HOW TO COMPLETE THIS TASK
Pictures do not belong in the copy; retype the records below exactly.

Short descriptive text snippets
___

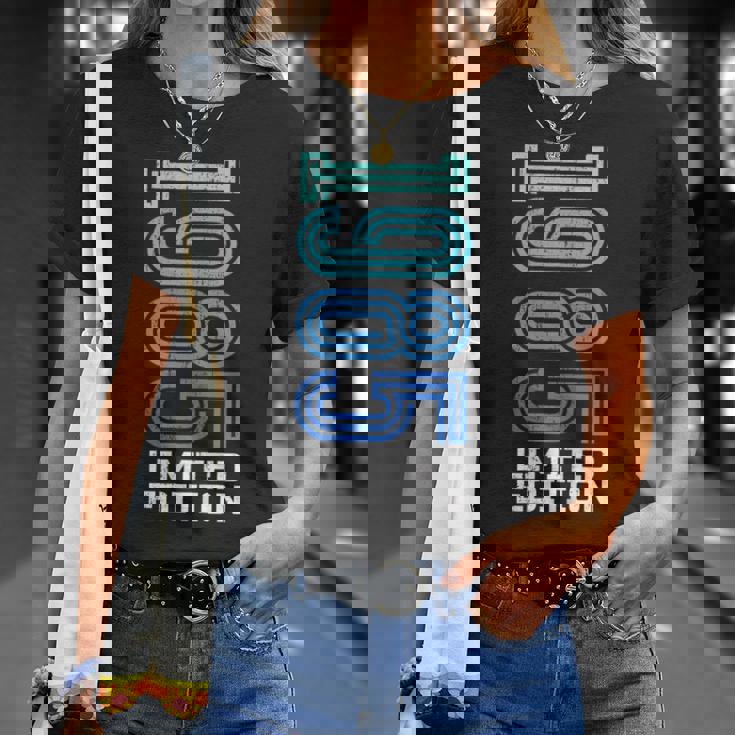 40 Años Hombre 1985 Cumpleaños 40 Limited Edition 1985 Camiseta unisex Regalos para ella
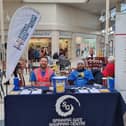 Raising Awareness in Leigh Town Centre.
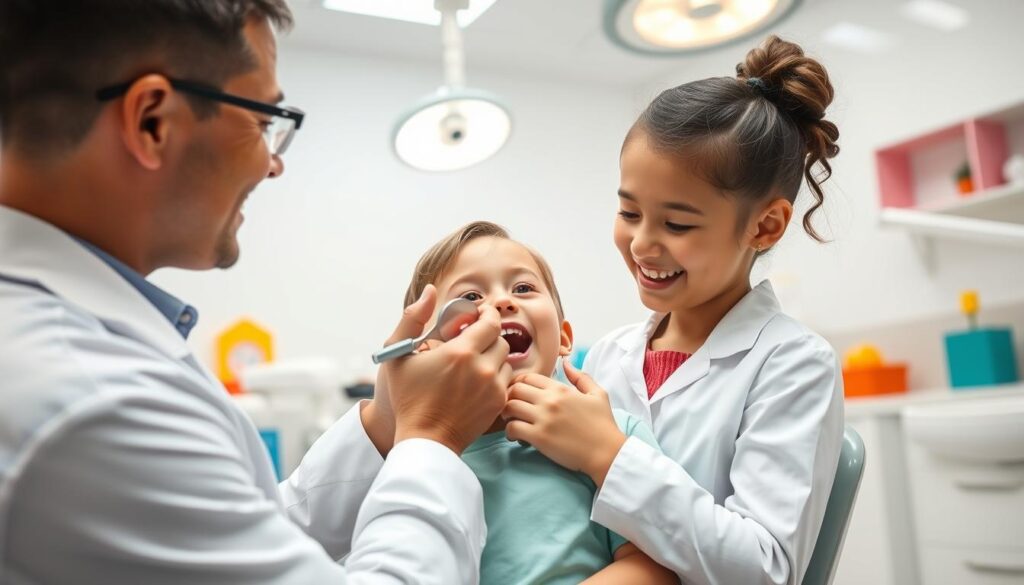dentiste pédiatrique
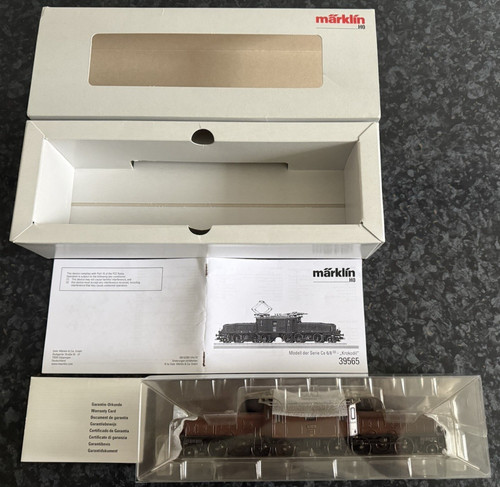 Märklin 39565 elektrolok - märklin,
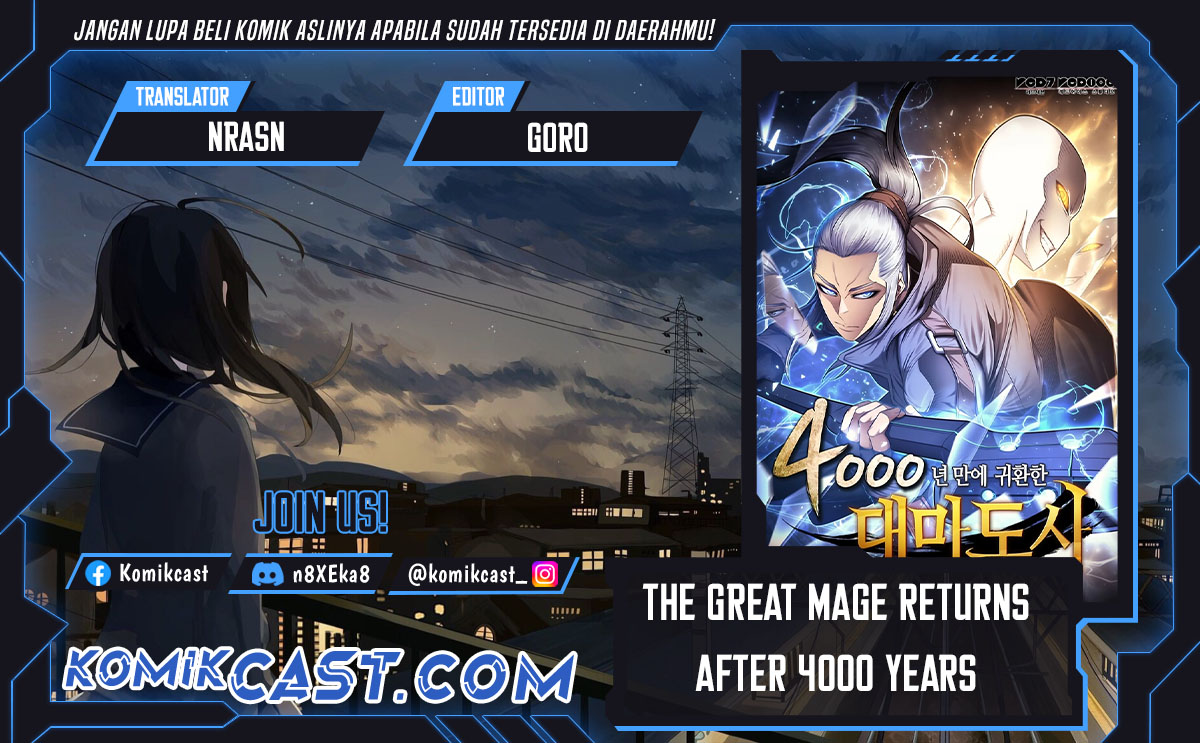 The Great Mage Returns After 4000 Years Chapter 193 Bahasa Indonesia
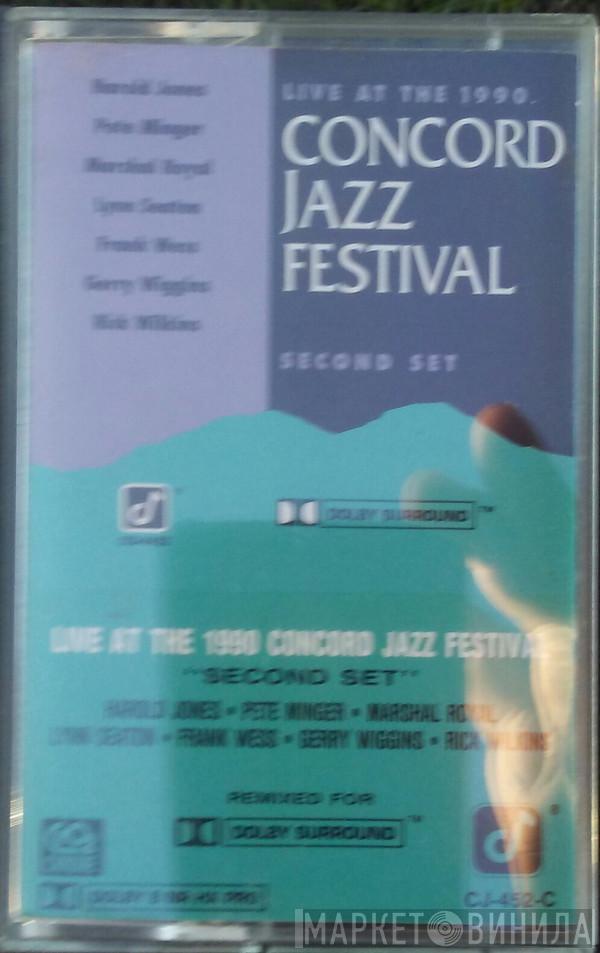 , Frank Wess , Marshall Royal , Rick Wilkins , Pete Minger , Gerald Wiggins , Lynn Seaton  Harold Jones  - Live At The 1990 Concord Jazz Festival; Second Set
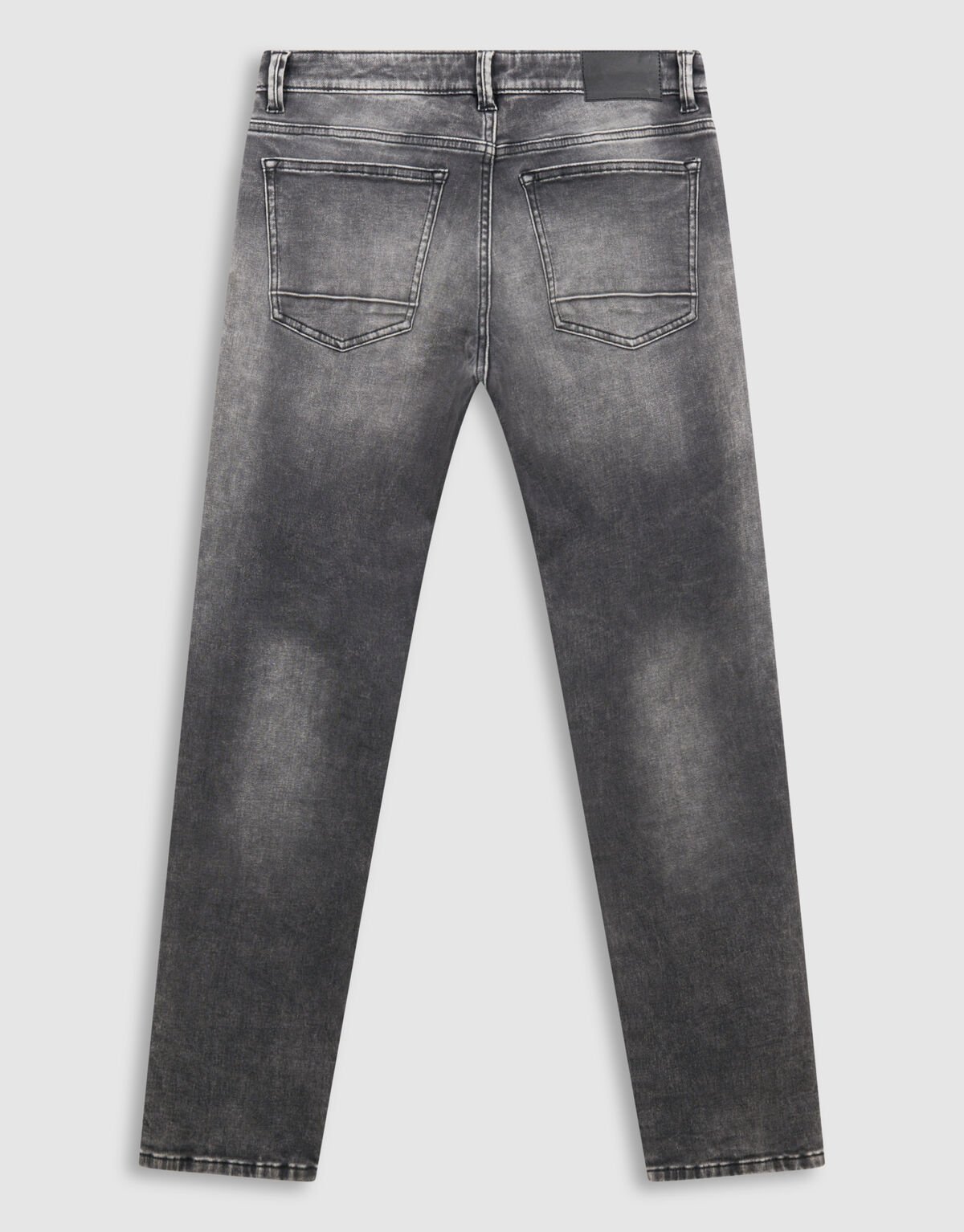 Slim Fit Jog Jeans Grijs L32 SHOEBY MEN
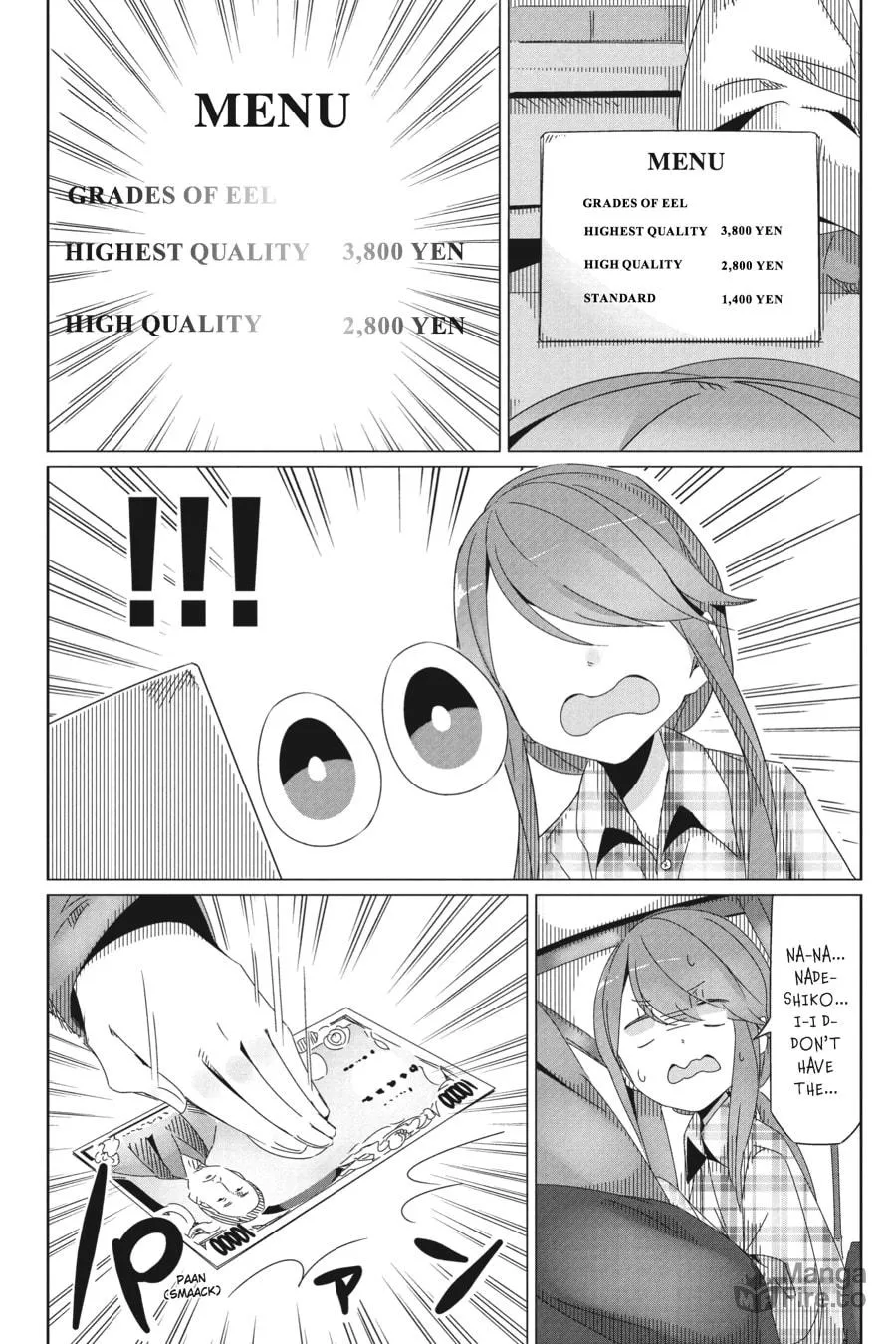 Read Laid-Back Camp chapter 28 image 2 on Lezhin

___

EXERCISE OUTPUT
 40 Años Hombre 1985 Cumpleaños 40 Limited Edition 1985 Camiseta unisex Regalos para ella
 Raising Awareness in Leigh Town Centre.
dentiste pédiatrique
 Märklin 39565 elektrolok - märklin,
 The Great Mage Returns After 4000 Years Chapter 193 Bahasa Indonesia
 , Frank Wess , Marshall Royal , Rick Wilkins , Pete Minger , Gerald Wiggins , Lynn Seaton  Harold Jones  - Live At The 1990 Concord Jazz Festival; Second Set
 Slim Fit Jog Jeans Grijs L32 SHOEBY MEN
 Read Laid-Back Camp chapter 28 image 2 on Lezhin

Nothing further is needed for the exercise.